Тетя Белльвилль почувствовала гордость на секунду — она всегда была счастлива, когда кому-нибудь требовалась ее помощь:

— Там был очень странный адрес, указан только дом, но никто из живущих здесь. Орфография и почерк ужасны. Но мне стало жаль бедную девочку — я бы не смогла прожить и дня в ее положении, поэтому я ответила ей.

Флетчер почувствовал, что голова его начинает кружиться, в то время как холодный ужас наполнял его душу.

— Это письмо, тетя, может быть, оно было от кого-то, кого звали Розали?

— Розали? — переспросила тетушка. — По-моему, нет.

Ее племянник откинулся в кресле с печальным выражением лица, и сердце тетушки смягчилось.

— Но оно было о ней, — добавила тетушка, надеясь помочь. — Бедная малютка. Из письма я поняла, что она пропала.

— Пропала? — Флетчер вскочил с кресла. — Дайте мне это письмо сейчас же! — потребовал он довольно резко, больше не в силах терпеть это выуживание нужной ему информации из запутанной памяти тетушки по крохам — это сводило с ума.

— Если только я смогу найти его! — Тетушка Белльвилль поднялась с кресла, уронив свой шарф, и поспешила из комнаты. С деловым видом она проскочила мимо озадаченного Лезбриджа. — Это чрезвычайно важно. Мой племянник должен получить эту вещь немедленно.

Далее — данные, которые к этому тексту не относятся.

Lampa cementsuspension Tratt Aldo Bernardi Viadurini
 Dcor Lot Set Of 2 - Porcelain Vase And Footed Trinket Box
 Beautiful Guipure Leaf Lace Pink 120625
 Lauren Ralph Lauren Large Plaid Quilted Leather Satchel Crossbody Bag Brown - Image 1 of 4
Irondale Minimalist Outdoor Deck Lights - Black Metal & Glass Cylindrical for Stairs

Лезбридж проводил взглядом удаляющуюся женщину, вошел в музыкальную комнату и сердито посмотрел на своего хозяина.

— Если бы вы позволили мне дать вам совет, сэр, — произнес дворецкий. — Я вижу, что леди чрезмерно озабочена тем, чтобы доставить вам удовольствие. Возможно, следует немного более сдержанно пользоваться ее услугами.

— Я же не просил ее прыгнуть с крыши с розой в зубах, Лезбридж, — сухо ответил Флетчер, принимая такой же, как у его дворецкого, строгий и обвиняющий вид. — Но, принимая ваш совет, в будущем я буду гораздо более осмотрительным в своих просьбах к ней.